Live: School of Seven Bells + The Setting Suns
Wednesday December 19
by Michael D. Ayers
A few years ago, when Interpol launched their first really big tour, they took along with them The Secret Machines, who were fast on the trails of something big themselves, and a more droney rock act called On!Air!Library! They played Hammerstein in a big way, ushering in a post-Strokes era of New York bands that were poised to take over the world. Well, none of that happened (though, Interpol did play the Garden this past summer, so maybe the apocalypse is still forthcoming).
Eventually, On!Air!Library broke up, and The Secret Machines churned out a not so hot third album, called Ten Silver Drops. That was it for me. Apparently it was also “it” for founding member
Brendan Benjamin Curtis, who left the band earlier this year to pursue full time a band he formed called School of Seven Bells, which feature the construction-site whistle inducing twins from On!Air!Library!. You can probably see where this is going. The night would come full circle, as The Setting Suns featured Adam Franklin from Swervedriver and Sam Fogarino, drummer from Interpol. Needless to say, curiosity about both of these acts really drove me, and probably a good portion of the audience to the Mercury. Neither has a proper album out; The Setting Suns are signed to a tiny label called dh Records. Supposedly you can buy their EP off iTunes, but not the American iTunes. Just the UK one, and the pound to dollar conversion rate scared me, so I’ve been stuck with the few Myspace tracks.
Listening to School of Seven Bells on Myspace, you can immediately tell that On!Air!Library!’s Alejandra and Claudia Deheeza are in charge of commanding this band. And they do, sort of. They position themselves in the middle of the stage, with Curtis on their left, and other Seven Beller James Elliot on their right. Besides having good looks, very nice pipes, and past experience with sizable crowds, there is a whole lot of programming and sequenced beats going on, that will further detract from figuring out what Curtis and Elliot are doing, and thus keeping eyes gazed towards the middle. Each song is guided by two laptops, some mixers, and while that’s going on, sometimes Elliot will take the bass, others he’ll just keep hunched over the computer. Curtis usually plays the guitar, provides some backing vocals, and will immediately dive back into the Macbook once the tune is over, prepping the next.
So, if you expect a recreation of early Secret Machines, don’t. It’s much more in that Portishead, trip-rock vein. But sometimes not; at times there’s a “world” flair to their sound, which I guess makes them a bit exotic. That said, the Mercury didn’t seem very kind last night; a lot of times the vocals were muddy, and there was way too much bass in the mix. Curtis would be visibly wailing on the guitar, but you couldn’t hear a lick. It would be easy to banish them to the “forget” column, but because the sound wasn’t right, I’m not going to do that just yet.
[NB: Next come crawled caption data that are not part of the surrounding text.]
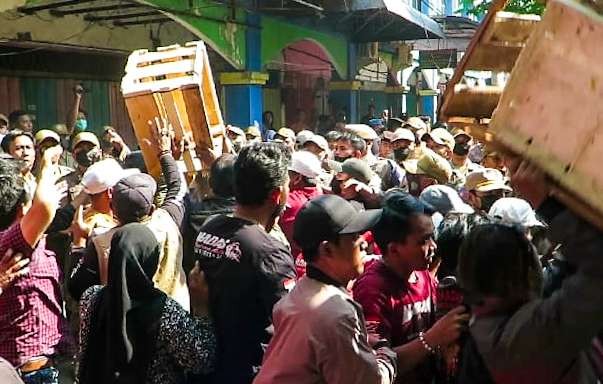 Ricuh, Pedagang Pasar Larangan menolak dipindahkan (foto : Aini/Ngopibareng.id)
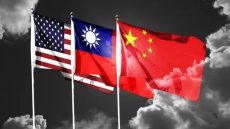 الصين تفرض عقوبات على 20 شركة دفاعية أمريكية من بينها فرع لشركة بوينغ بسبب صفقة الأسلحة إلى تايوان.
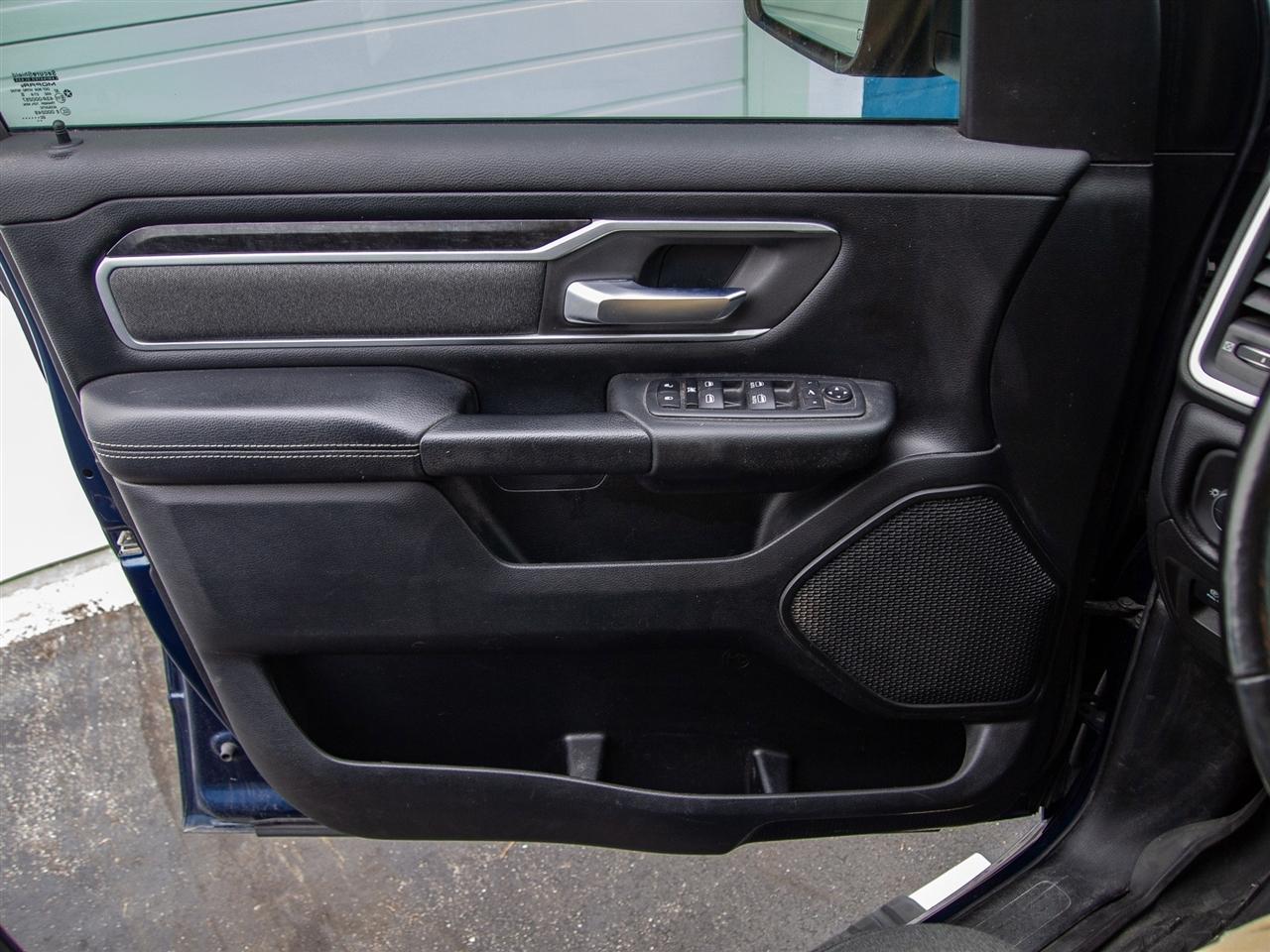 RAM 1500 Big Horn 4x4 Crew Cab 5'7" Box 2020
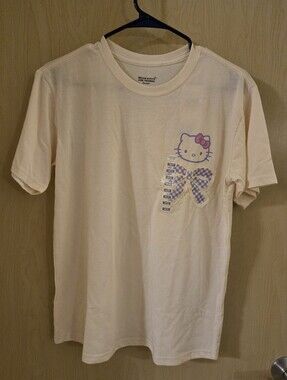 NWT Hello Kitty Sanrio Graphic Logo Tee (M)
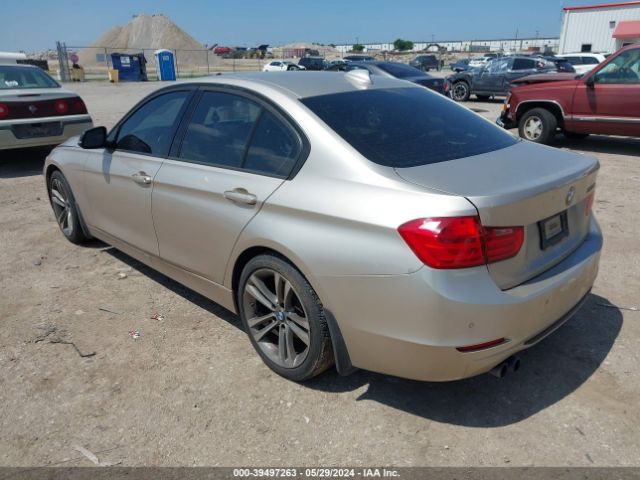 Photo 2 VIN: WBA3A5G50DNP25502 - BMW 328I 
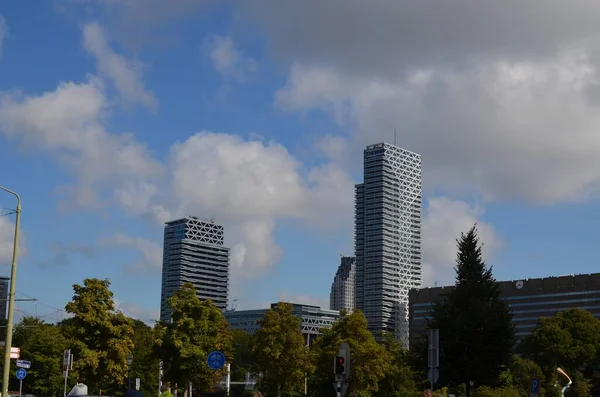 Krásný Výhled Město Moderními Budovami Slunečného Dne — Stock fotografie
The Setting Suns are much more than just a guitar / drum duo. On stage, they’re actually a five piece, consisting of two guitars, bass, and the Album Leaf’s Jimmy LaValle on keys. As in the past, it’s hard to make out Adam Franklin’s vocals, and last night was nothing new. So, I have no idea what the songs were about. But I did notice a few things, mainly that the Interpol drummer is really good, and he sounded very crisp, especially when paired with a shoegazy, fuzzy guitar sound. The whole thing is loud, and at times abrasive; what you’d expect from Franklin, but didn’t know something related to Interpol was capable of.
So, I guess New York has its own little indie supergroup. They have enough material for an album, and enough experience to draw crowds, but more importantly, they’re taking this project seriously. Sometimes you can get an auxiliary band that’s really painful to watch, because the group is cocky about their abilities and don’t put any efforts into their songwriting. This isn’t the case for The Setting Suns. It’ll be interesting to see where they take this in 2008.